--- TASK ITEM ---
Write out, exactly and in full, the line where "Parachute Cloud Stained" appears together with all lines that follow it in the entries below. Do not include pictures.

(ENTRIES SUPPLIED)

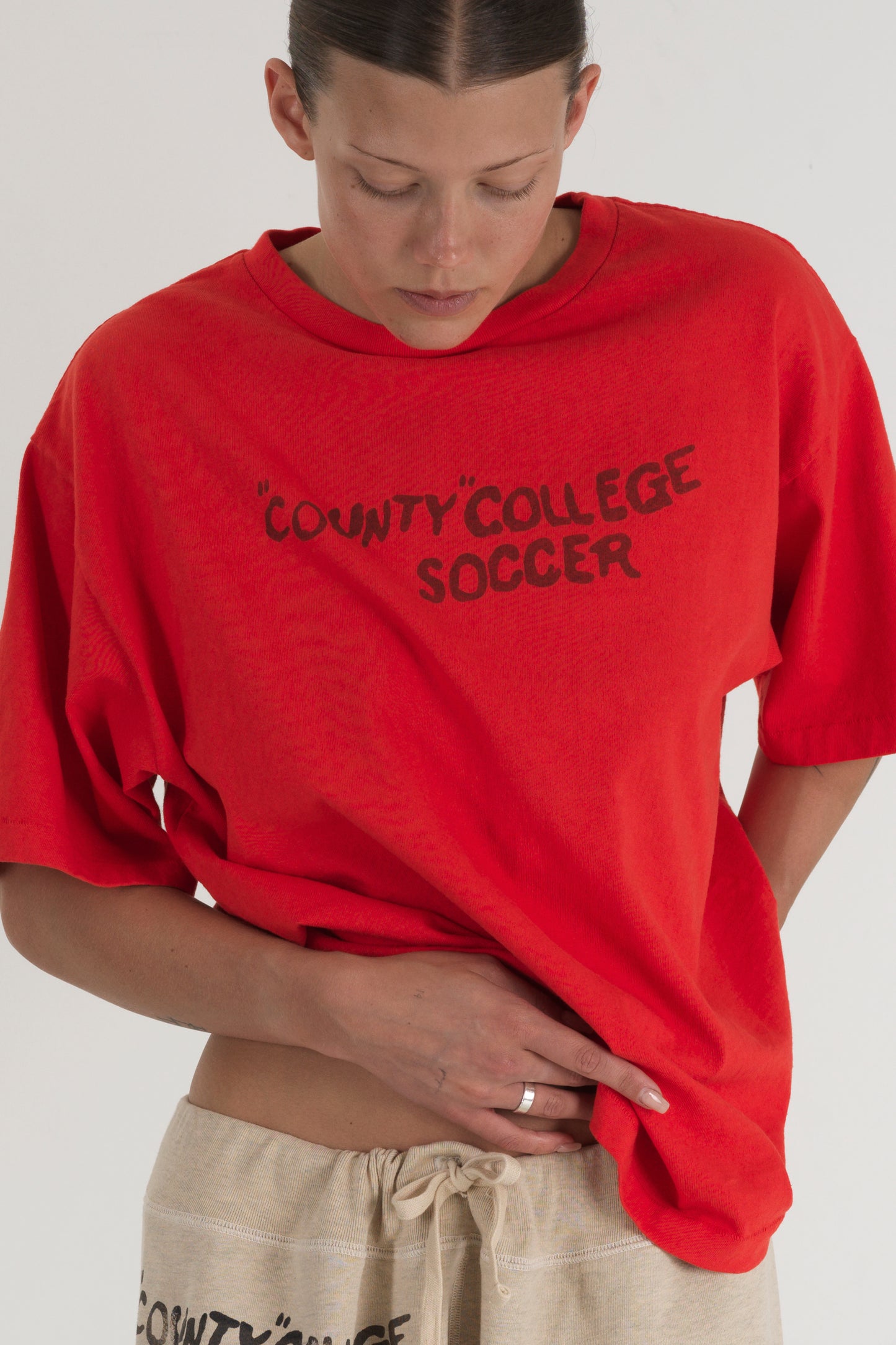 County College Soccer T-Shirt Red
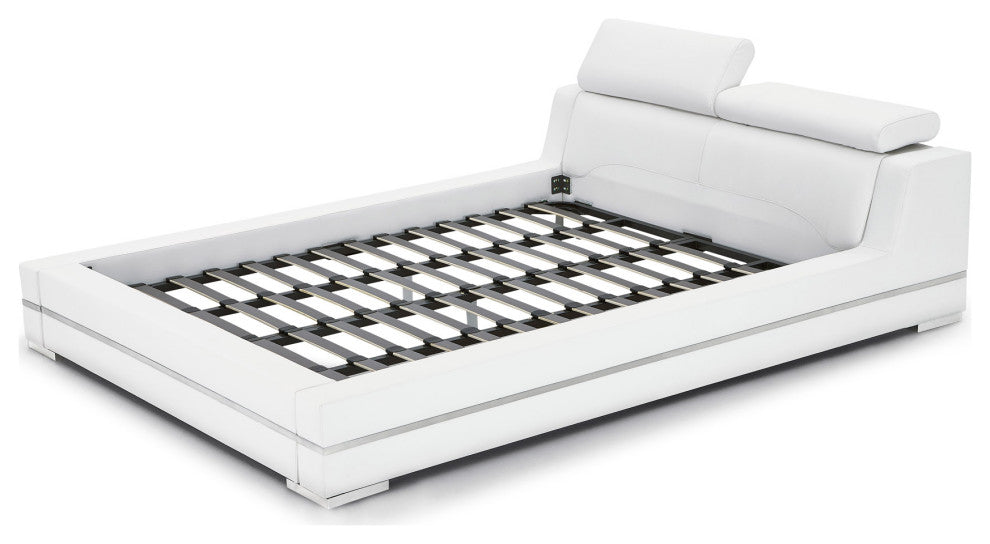 Hera White Leather Platform Bed, California King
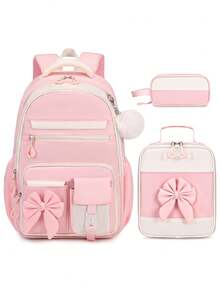 1 Set Cute Bow Backpack Set, Including Lunch Bag + Pencil Case, Large Capacity Multi-Pocket Lightweight Backpack, Luggage Strap, Suitable For Various Occasions - School Backpack, Travel Backpack, Back To School Gift - Multicolor - View 12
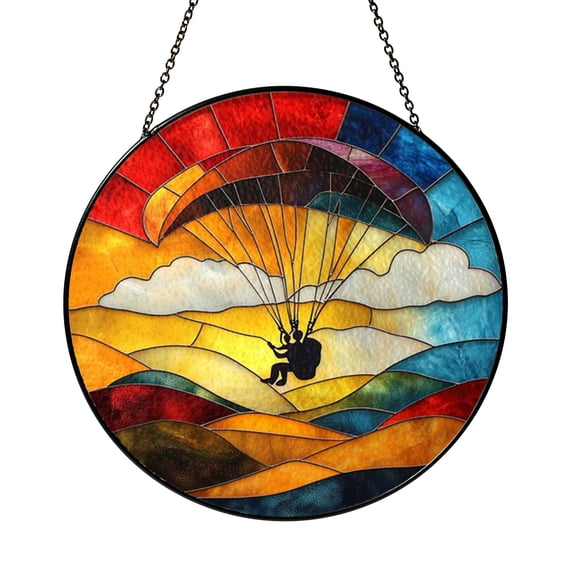 Parachute Cloud Stained Glass Style Panel, Decorative Window Hanging with Sky Inspired Composition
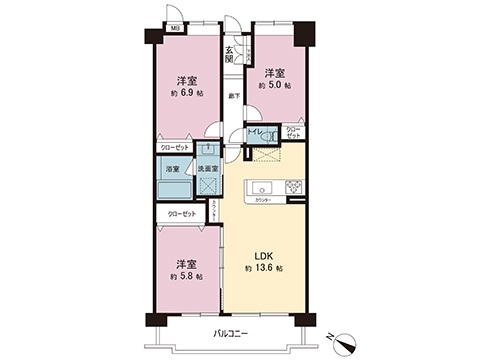 中古マンション 相模原市南区上鶴間本町９丁目 東急田園都市線つきみ野駅 3,250万円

(End ENTRIES SUPPLIED)

--- ANSWER BELOW ---
 Parachute Cloud Stained Glass Style Panel, Decorative Window Hanging with Sky Inspired Composition
 中古マンション 相模原市南区上鶴間本町９丁目 東急田園都市線つきみ野駅 3,250万円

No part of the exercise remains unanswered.